This article discusses the accumulation of stale air in the lungs. We discuss the reasons why stale air can accumulate in one’s lungs, and the different methods in order to get rid of stale air from the lungs.
What is meant by ‘stale air in lungs’?
Stale air in lungs refers to the air in lungs that is no longer fresh i.e., the air in lungs has less amount of oxygen, and a higher concentration of carbon dioxide and moisture in the lungs.
In such a case, it feels hard to breathe and can cause shortness of breath in a person.
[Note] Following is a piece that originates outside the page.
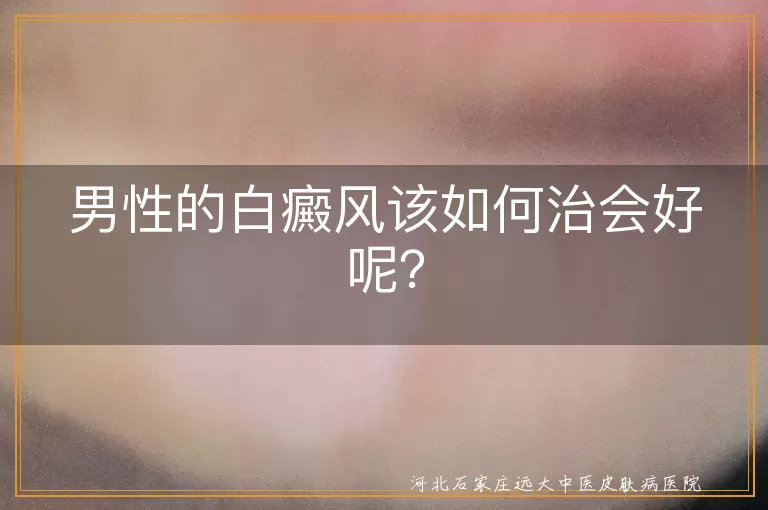 男性的白癜风该如何治会好呢？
Although this happens rarely, it occurs more commonly in people with pre-existing respiratory issues, such as asthma, bronchitis, COPD, and so on.
What are the reasons for accumulation of stale air in lungs
Stale air can build up in lungs due to many reasons, which include:
- Person suffers from a respiratory illness
- Exposure to polluted air
- Smoking or exposure to secondhand smoke
Let us discuss these in more detail.
Person suffers from a respiratory illness
Breathing is natural and effortless when one’s lungs are healthy. The diaphragm does roughly 80% of the effort when one breathes in and out, filling the lungs with a mixture of oxygen and other gases and then expelling the waste gas.
The diaphragm contraction process can be compared to a spring-loaded screen door that opens and closes on its own.
However, lungs can lose their springiness over time, especially if one suffers from respiratory illnesses such as asthma or COPD.
Exposure to polluted air
Some people who live or are working in places where the air is polluted can also get stale air into their lungs. This is because polluted air has lower concentrations of oxygen, which makes the air seem stale.
Not only that, for people in an indoor environment with poor ventilation conditions, the same can be observed, especially if the room has a high number of occupants.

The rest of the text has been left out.